The problem with x86 in particular is that there is tons of cruft. You can get l...

elcritch · on June 23, 2019

I’ve wondered why there aren’t more tools for predicting how a program fits into cache lines and data caching effects. For given cpu parameters it seems a reasonable task to estimate cache lines based on a sample dataset. Am I just missing what tools are used out there?

CoolGuySteve · on June 24, 2019

The best tool for this in my experience is callgrind with assembly notation. You can configure it to more or less mimic the cache layout of whatever particular chip you're running and then execute your code on it.

You can use the start and stop macros in valgrind.h to show cache behaviour of a specific chain of function calls, like when a network event happens, then in the view menu of kcachegrind select IL Fetch Misses, and show the hierarchical function view.

It doesn't mimic the exact branch prediction or whatever of your architecture but when you compare it to actual timings it's damn close.

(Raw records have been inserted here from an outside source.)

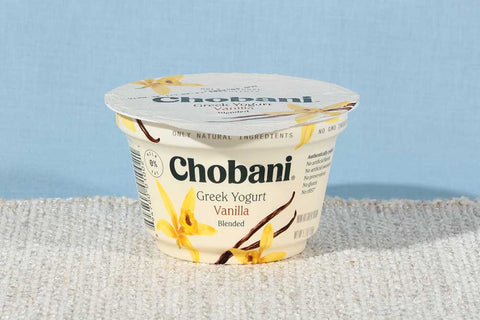 Chobani Non Fat Vanilla Greek Yogurt, 5.3 Ounce -- 12 per case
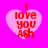 Four identical pixelated heart-shaped icons with red text on pink backgrounds against a bright magenta backdrop.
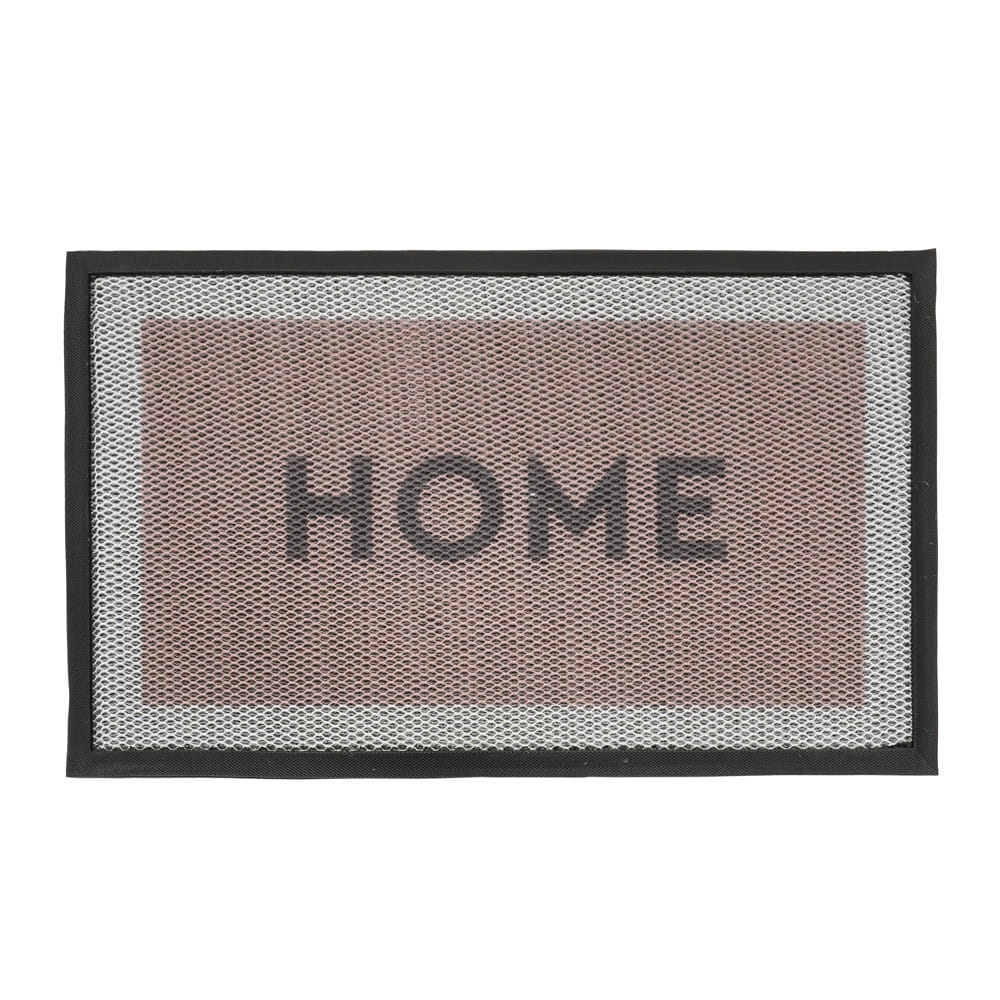 พรมเช็ดเท้าดักฝุ่น HOME LIVING STYLE HOME 45x75 ซม. สีน้ำตาล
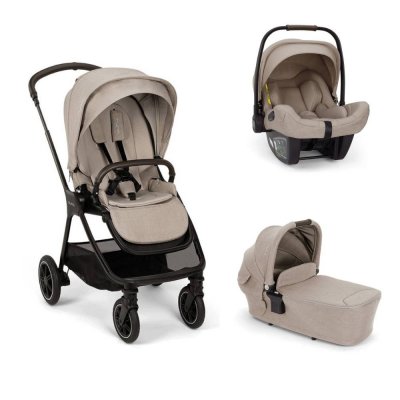 Poussette trio triv next + siège auto pipa next + nacelle lytl chateau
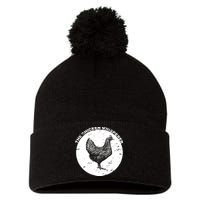 The Chicken Whisperer  Pom Pom 12in Knit Beanie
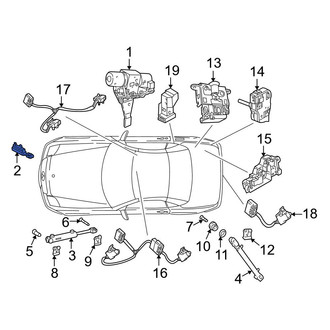 Mercedes-Benz OE - Convertible Top Hydraulic Cylinder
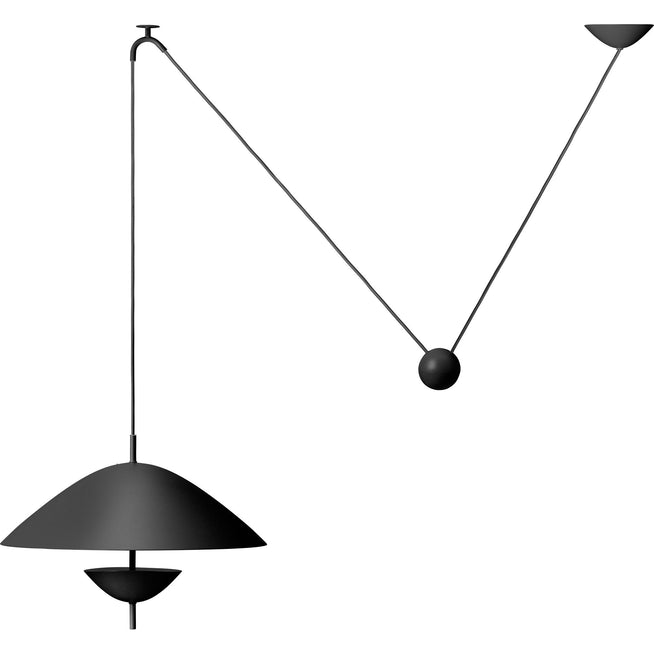 Photo of Lod Pendant - Pendel - Lod Pendant - Blackened Iron - W50 X D50 X H34.6 Cm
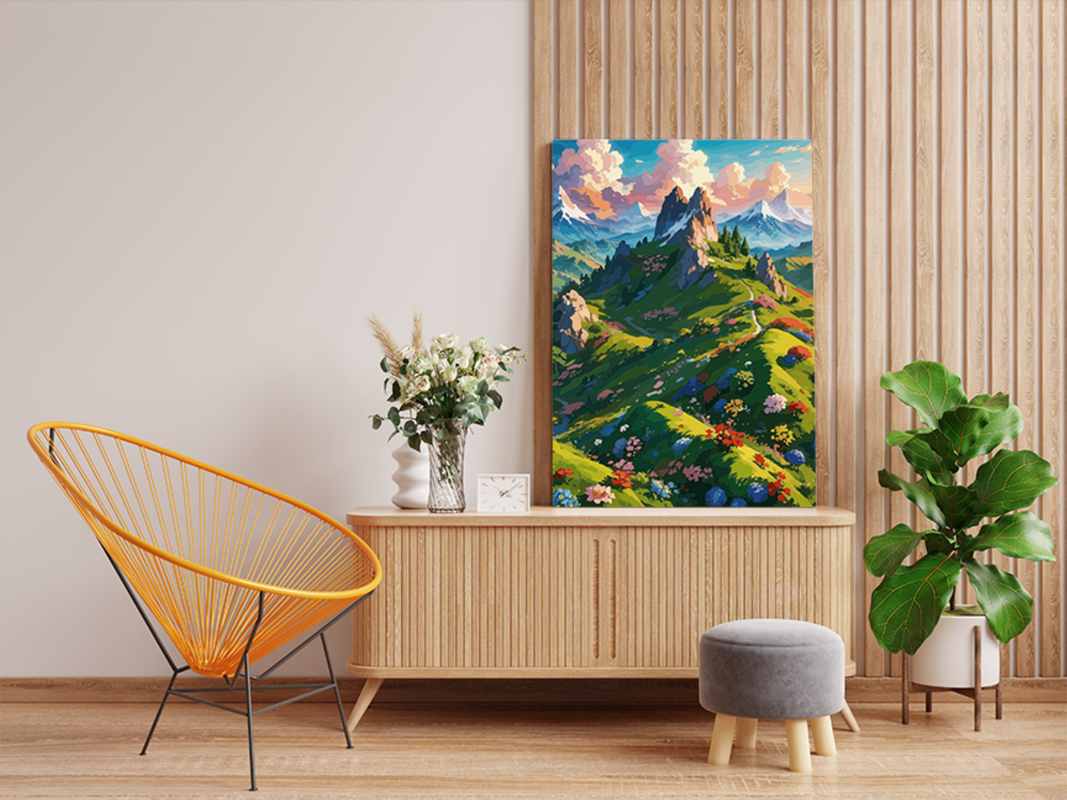 Mountain Blossom Paint by Numbers Kit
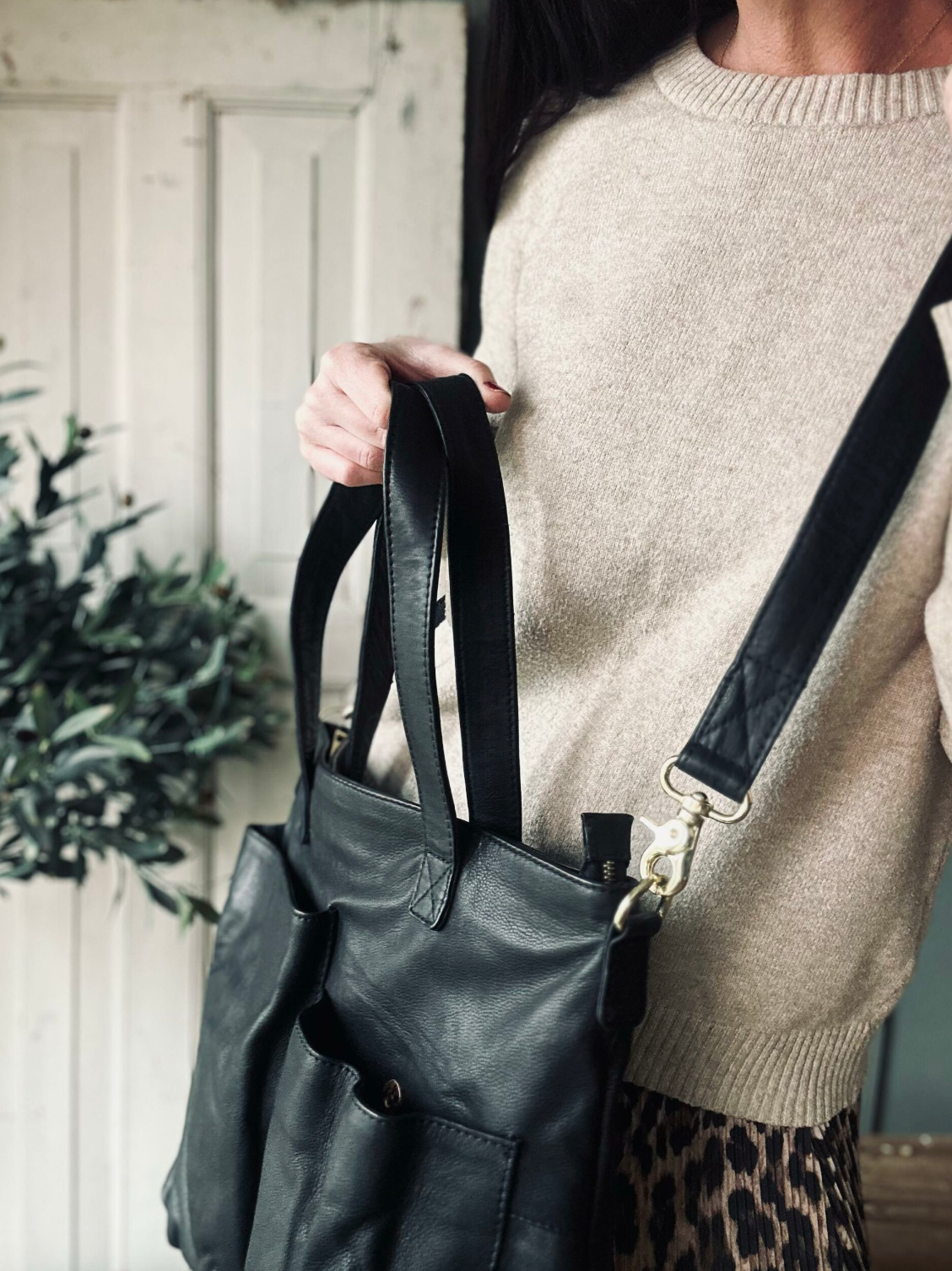 Shopper Black Lux – Kalfsleer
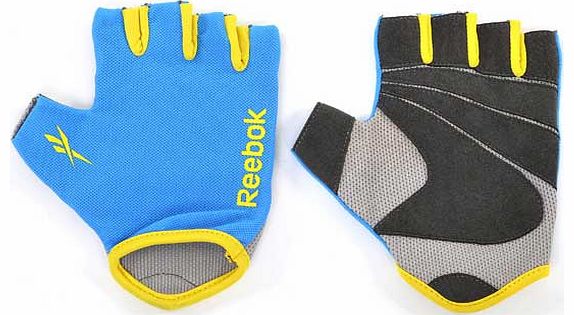 Reebok Cyan Fitness Gloves - Small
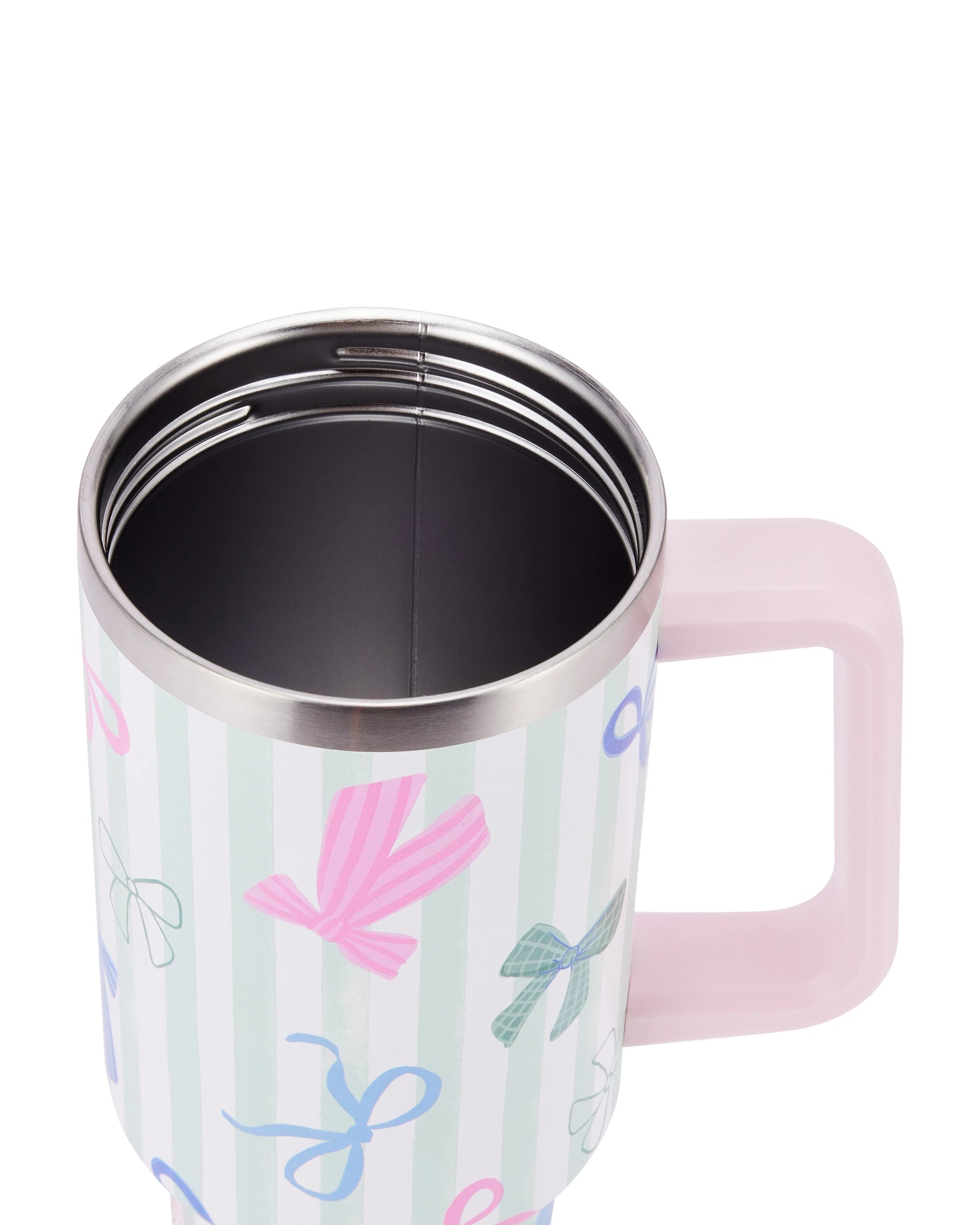 6 1.18L Bow Jumbo Stainless Steel Tumbler with Handle, 6 of 7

elcritch · on June 25, 2019

Wow, that's cool!

MuffinFlavored · on June 23, 2019

Why not just write the function in ASM in the first place?

CoolGuySteve · on June 24, 2019

1) Because the compiler gives you a clear reference implementation to test against for correctness and performance.

2) Because after you do this enough times, you will learn when to write your own, when not to, and when to spot inefficiencies in the compiler output. The point is to learn, both about how the instructions work and how the compiler works.

3) The C/C++ implementation serves as documentation of intent and is portable across architectures (including future x86-64 architectures). It's fucking atrocious when devs write pure assembly without a C/C++ reference that can replace it. To me, finding random assembly without a code implementation in the project is the ultimate indictment of a hot rod programmer not thinking about the future or future maintainers.

bitcoinmoney · on June 24, 2019

Can you talk about your day job?